The task ▸
From the entries below, transcribe exactly the lines between the line holding "Apartamento com área" and the line holding "Immagine Gente fa", inclusive; skip all other lines.

****************************************

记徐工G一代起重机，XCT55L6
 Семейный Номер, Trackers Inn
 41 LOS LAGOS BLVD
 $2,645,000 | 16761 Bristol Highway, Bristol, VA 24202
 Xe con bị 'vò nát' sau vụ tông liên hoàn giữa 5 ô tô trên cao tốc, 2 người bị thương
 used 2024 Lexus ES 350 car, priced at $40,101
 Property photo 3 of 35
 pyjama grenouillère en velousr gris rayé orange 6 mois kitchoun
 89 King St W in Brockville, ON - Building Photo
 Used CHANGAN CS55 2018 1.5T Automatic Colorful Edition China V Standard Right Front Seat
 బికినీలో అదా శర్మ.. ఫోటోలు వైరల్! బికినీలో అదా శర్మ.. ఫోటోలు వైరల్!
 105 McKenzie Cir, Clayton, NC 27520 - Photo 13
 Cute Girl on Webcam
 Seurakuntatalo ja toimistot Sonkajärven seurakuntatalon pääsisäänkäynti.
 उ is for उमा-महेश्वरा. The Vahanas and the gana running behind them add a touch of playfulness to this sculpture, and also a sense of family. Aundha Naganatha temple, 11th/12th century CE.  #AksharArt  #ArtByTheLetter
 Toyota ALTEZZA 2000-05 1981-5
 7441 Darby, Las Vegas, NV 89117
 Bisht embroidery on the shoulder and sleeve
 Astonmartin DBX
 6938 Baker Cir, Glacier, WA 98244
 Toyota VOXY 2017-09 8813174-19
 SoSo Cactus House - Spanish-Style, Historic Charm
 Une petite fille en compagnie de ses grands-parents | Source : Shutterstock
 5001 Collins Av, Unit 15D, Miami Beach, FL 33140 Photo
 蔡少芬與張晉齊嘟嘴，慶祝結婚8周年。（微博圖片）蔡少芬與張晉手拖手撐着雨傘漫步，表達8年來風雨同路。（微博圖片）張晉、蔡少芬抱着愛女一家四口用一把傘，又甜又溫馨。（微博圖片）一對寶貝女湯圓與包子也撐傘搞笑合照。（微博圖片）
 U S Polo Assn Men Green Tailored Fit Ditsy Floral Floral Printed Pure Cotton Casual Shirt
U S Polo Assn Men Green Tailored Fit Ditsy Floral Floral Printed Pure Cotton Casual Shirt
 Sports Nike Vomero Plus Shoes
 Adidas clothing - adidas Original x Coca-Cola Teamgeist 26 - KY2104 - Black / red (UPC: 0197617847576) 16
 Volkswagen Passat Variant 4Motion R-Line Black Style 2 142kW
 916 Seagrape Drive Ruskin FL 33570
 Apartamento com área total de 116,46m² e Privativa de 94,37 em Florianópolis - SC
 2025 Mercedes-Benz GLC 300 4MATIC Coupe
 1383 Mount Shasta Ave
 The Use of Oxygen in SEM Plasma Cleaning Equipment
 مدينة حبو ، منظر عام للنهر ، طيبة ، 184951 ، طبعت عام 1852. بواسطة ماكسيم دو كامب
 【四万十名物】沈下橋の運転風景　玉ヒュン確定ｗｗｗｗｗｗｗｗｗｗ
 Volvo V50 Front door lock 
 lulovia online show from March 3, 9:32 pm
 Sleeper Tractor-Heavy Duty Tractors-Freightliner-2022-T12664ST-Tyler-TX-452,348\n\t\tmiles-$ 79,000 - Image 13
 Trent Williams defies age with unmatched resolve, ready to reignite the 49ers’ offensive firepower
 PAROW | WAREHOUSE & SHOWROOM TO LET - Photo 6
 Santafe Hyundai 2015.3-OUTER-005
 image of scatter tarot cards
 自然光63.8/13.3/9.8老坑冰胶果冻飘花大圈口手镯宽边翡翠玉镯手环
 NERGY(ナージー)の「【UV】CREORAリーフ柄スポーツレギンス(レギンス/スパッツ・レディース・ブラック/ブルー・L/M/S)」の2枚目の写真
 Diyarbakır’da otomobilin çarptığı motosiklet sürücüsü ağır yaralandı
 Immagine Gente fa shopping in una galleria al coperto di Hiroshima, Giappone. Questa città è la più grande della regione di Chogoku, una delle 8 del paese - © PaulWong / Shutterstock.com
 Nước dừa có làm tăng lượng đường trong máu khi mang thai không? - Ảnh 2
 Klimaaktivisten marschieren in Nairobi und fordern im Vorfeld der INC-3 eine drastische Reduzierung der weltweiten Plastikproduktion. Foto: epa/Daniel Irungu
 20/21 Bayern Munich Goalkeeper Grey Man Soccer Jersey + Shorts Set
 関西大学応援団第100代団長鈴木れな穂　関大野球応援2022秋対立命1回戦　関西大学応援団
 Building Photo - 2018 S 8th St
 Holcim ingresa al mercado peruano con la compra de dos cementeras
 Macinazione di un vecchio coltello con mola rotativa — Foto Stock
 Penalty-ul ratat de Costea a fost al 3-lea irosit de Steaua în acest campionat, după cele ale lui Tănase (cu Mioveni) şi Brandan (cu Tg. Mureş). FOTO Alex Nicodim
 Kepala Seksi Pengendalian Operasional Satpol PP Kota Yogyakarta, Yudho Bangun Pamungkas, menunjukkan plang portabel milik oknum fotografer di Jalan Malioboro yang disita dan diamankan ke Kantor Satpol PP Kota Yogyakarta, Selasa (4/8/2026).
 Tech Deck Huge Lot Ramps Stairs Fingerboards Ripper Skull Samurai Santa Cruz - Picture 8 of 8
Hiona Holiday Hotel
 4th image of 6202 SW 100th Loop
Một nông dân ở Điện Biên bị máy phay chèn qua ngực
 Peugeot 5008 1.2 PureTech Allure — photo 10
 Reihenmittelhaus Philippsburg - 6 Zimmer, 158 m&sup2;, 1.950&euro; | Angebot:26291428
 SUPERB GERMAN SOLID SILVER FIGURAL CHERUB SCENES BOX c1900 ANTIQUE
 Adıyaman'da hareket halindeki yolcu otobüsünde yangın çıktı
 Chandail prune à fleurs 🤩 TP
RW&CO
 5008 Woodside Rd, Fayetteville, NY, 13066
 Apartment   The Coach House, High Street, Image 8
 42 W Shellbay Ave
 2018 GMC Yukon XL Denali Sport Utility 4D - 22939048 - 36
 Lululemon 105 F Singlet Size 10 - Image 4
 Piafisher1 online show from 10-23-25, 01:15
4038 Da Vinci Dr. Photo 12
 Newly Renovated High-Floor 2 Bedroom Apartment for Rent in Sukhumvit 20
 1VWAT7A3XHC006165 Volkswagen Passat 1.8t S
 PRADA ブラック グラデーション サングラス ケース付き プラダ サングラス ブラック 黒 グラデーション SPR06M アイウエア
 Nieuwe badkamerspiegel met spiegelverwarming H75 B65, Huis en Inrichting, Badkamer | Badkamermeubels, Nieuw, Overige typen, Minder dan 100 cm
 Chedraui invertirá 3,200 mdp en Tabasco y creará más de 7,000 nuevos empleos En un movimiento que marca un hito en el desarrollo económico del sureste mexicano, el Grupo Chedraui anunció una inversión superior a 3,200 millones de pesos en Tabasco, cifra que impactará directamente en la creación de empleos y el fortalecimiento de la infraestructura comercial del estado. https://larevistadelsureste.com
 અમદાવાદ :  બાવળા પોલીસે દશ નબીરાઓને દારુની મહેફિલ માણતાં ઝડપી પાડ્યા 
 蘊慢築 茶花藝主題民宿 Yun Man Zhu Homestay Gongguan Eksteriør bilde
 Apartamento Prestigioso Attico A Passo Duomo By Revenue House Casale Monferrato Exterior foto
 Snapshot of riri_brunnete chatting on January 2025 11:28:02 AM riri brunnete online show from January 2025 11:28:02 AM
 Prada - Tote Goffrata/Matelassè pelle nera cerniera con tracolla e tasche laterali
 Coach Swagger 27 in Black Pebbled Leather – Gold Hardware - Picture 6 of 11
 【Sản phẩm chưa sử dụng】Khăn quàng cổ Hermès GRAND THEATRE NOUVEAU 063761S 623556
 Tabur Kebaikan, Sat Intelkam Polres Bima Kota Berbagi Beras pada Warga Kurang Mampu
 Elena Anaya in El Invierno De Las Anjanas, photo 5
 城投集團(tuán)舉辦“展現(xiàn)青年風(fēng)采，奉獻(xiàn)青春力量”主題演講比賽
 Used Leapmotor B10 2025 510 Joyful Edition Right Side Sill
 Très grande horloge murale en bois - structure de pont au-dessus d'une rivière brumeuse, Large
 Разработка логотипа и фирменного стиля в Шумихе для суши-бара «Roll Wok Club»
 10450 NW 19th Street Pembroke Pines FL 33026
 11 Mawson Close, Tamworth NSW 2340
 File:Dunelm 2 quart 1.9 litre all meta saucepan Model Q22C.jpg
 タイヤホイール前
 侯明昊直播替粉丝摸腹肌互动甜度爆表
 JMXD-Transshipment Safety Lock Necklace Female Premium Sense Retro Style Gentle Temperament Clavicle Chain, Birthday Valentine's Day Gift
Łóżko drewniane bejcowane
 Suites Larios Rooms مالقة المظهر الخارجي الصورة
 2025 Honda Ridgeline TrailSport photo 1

****************************************

Solution to the problem ▸
 Apartamento com área total de 116,46m² e Privativa de 94,37 em Florianópolis - SC
 2025 Mercedes-Benz GLC 300 4MATIC Coupe
 1383 Mount Shasta Ave
 The Use of Oxygen in SEM Plasma Cleaning Equipment
 مدينة حبو ، منظر عام للنهر ، طيبة ، 184951 ، طبعت عام 1852. بواسطة ماكسيم دو كامب
 【四万十名物】沈下橋の運転風景　玉ヒュン確定ｗｗｗｗｗｗｗｗｗｗ
 Volvo V50 Front door lock 
 lulovia online show from March 3, 9:32 pm
 Sleeper Tractor-Heavy Duty Tractors-Freightliner-2022-T12664ST-Tyler-TX-452,348\n\t\tmiles-$ 79,000 - Image 13
 Trent Williams defies age with unmatched resolve, ready to reignite the 49ers’ offensive firepower
 PAROW | WAREHOUSE & SHOWROOM TO LET - Photo 6
 Santafe Hyundai 2015.3-OUTER-005
 image of scatter tarot cards
 自然光63.8/13.3/9.8老坑冰胶果冻飘花大圈口手镯宽边翡翠玉镯手环
 NERGY(ナージー)の「【UV】CREORAリーフ柄スポーツレギンス(レギンス/スパッツ・レディース・ブラック/ブルー・L/M/S)」の2枚目の写真
 Diyarbakır’da otomobilin çarptığı motosiklet sürücüsü ağır yaralandı
 Immagine Gente fa shopping in una galleria al coperto di Hiroshima, Giappone. Questa città è la più grande della regione di Chogoku, una delle 8 del paese - © PaulWong / Shutterstock.com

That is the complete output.